BEGIN SUPPLIED ENTRIES

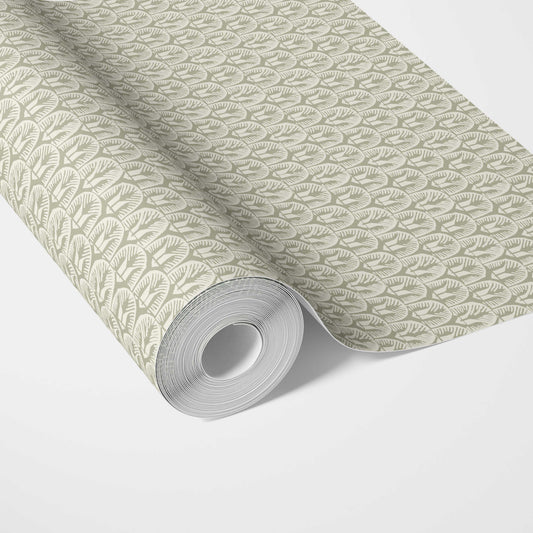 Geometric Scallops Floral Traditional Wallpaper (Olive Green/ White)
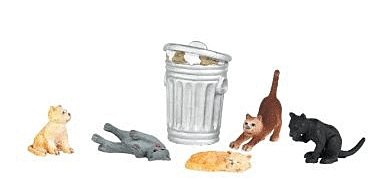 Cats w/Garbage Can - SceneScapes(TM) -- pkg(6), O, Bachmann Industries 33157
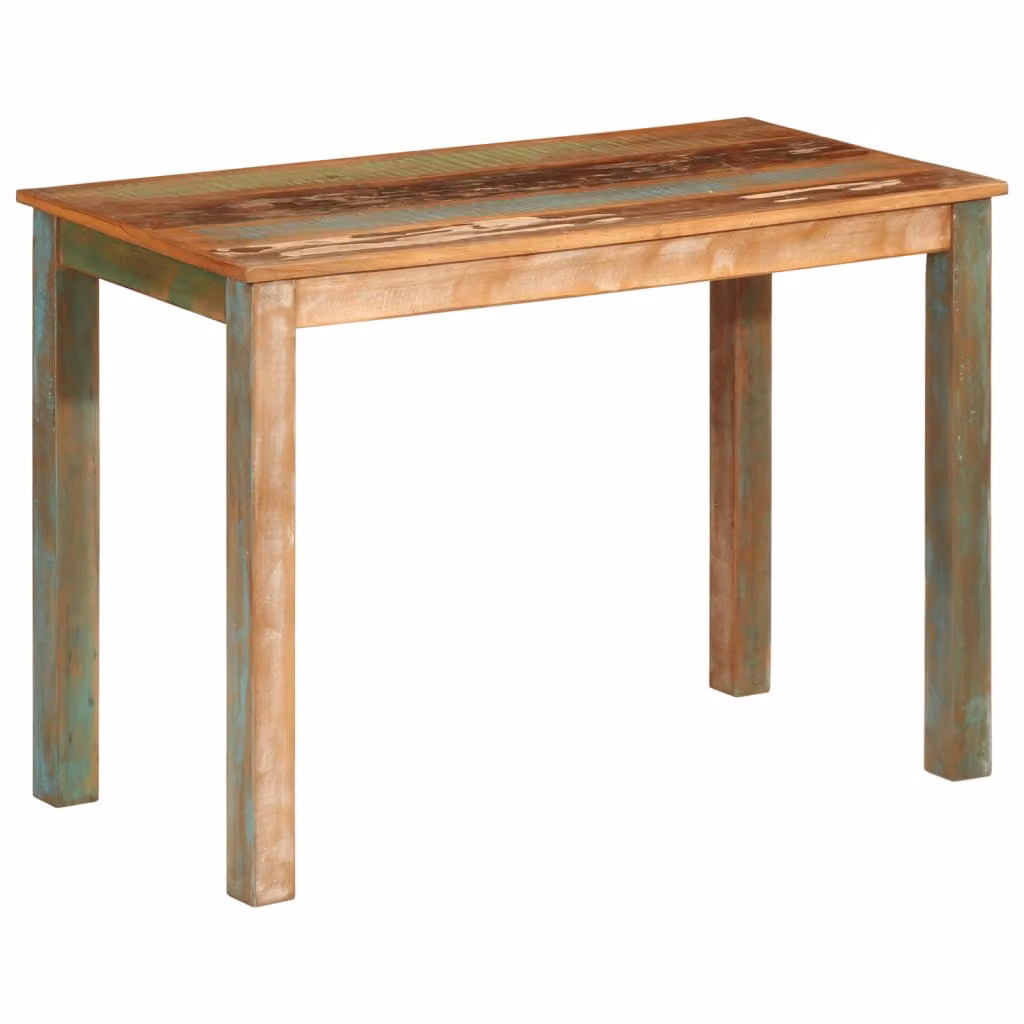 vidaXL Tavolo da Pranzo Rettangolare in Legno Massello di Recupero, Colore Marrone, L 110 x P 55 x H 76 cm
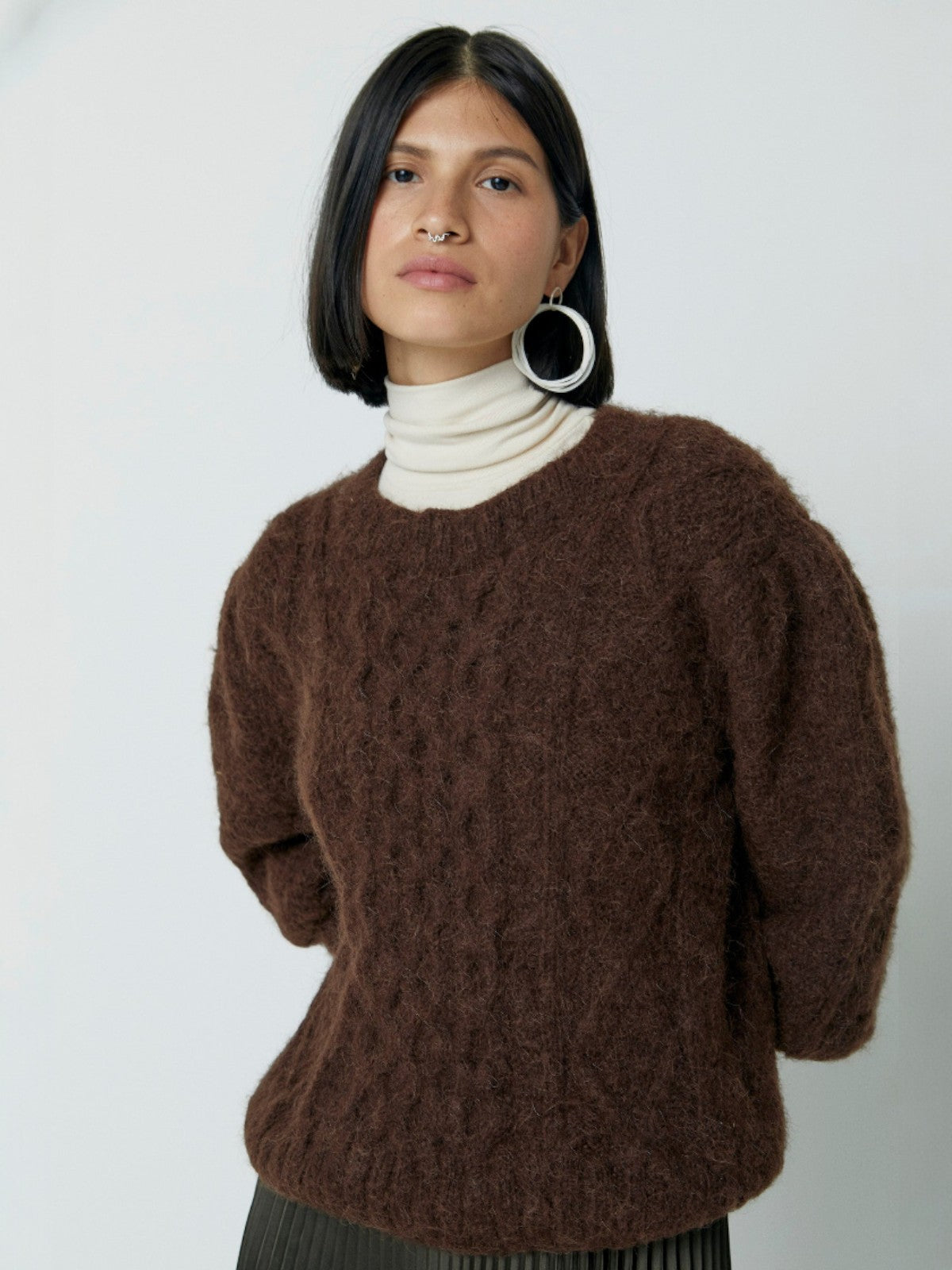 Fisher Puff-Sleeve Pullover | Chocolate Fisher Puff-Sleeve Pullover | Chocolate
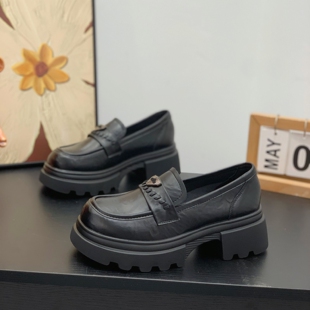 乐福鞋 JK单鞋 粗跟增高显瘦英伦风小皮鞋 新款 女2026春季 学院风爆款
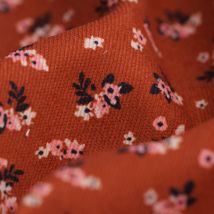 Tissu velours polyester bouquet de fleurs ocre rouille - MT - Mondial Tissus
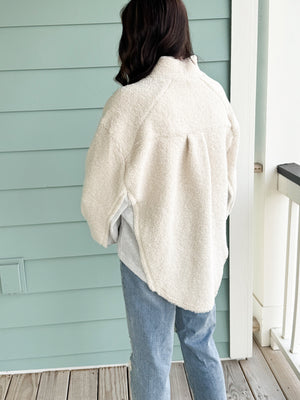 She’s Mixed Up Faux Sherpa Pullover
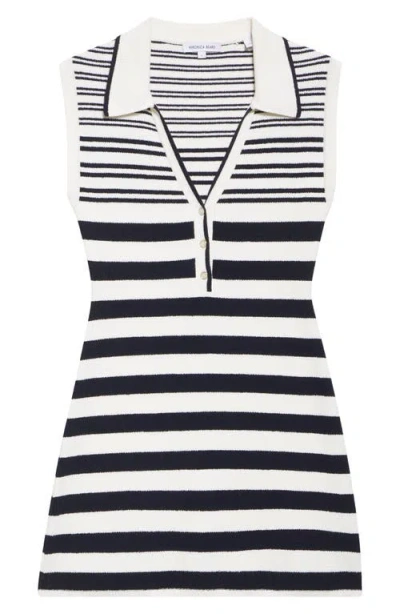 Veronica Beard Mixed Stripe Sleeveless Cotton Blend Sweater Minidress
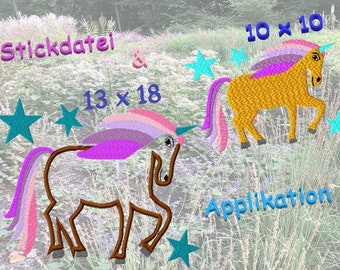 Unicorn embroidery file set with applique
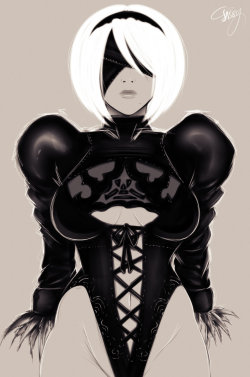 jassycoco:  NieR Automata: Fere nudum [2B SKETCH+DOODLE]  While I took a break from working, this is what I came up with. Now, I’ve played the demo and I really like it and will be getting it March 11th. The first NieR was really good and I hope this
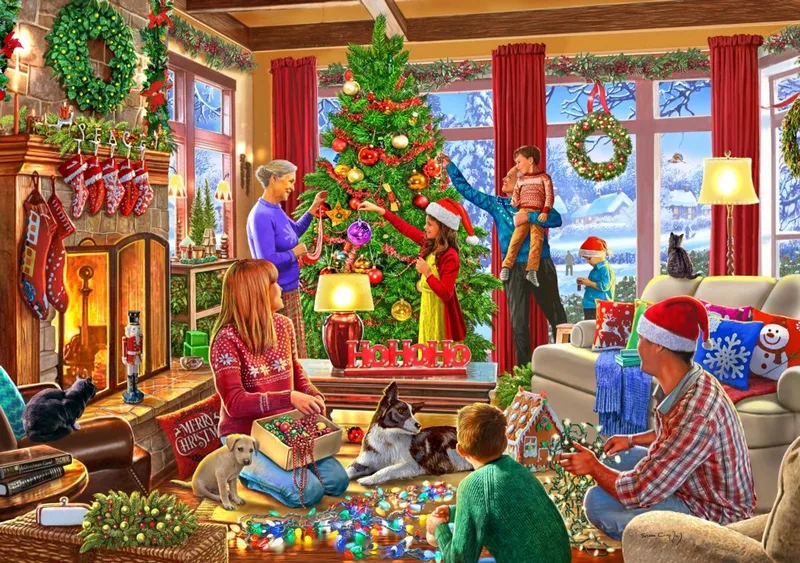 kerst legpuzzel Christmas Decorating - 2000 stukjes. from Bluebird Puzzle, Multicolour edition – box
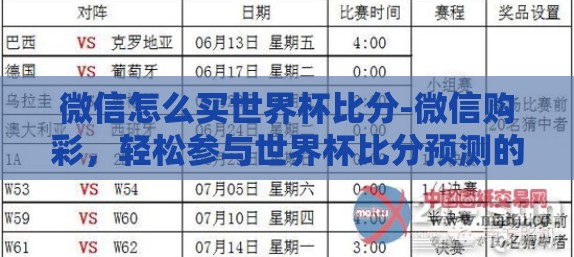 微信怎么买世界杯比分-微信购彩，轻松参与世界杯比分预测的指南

END SUPPLIED ENTRIES

**YOUR INSTRUCTIONS:**
Write out the data word for word, with every picture dropped.

**SOLVED PROBLEM:**
 Geometric Scallops Floral Traditional Wallpaper (Olive Green/ White)
 Cats w/Garbage Can - SceneScapes(TM) -- pkg(6), O, Bachmann Industries 33157
 vidaXL Tavolo da Pranzo Rettangolare in Legno Massello di Recupero, Colore Marrone, L 110 x P 55 x H 76 cm
 Fisher Puff-Sleeve Pullover | Chocolate Fisher Puff-Sleeve Pullover | Chocolate
 乐福鞋 JK单鞋 粗跟增高显瘦英伦风小皮鞋 新款 女2026春季 学院风爆款
 Tissu velours polyester bouquet de fleurs ocre rouille - MT - Mondial Tissus
 She’s Mixed Up Faux Sherpa Pullover
 Veronica Beard Mixed Stripe Sleeveless Cotton Blend Sweater Minidress
 Unicorn embroidery file set with applique
 jassycoco:  NieR Automata: Fere nudum [2B SKETCH+DOODLE]  While I took a break from working, this is what I came up with. Now, I’ve played the demo and I really like it and will be getting it March 11th. The first NieR was really good and I hope this
 kerst legpuzzel Christmas Decorating - 2000 stukjes. from Bluebird Puzzle, Multicolour edition – box
 微信怎么买世界杯比分-微信购彩，轻松参与世界杯比分预测的指南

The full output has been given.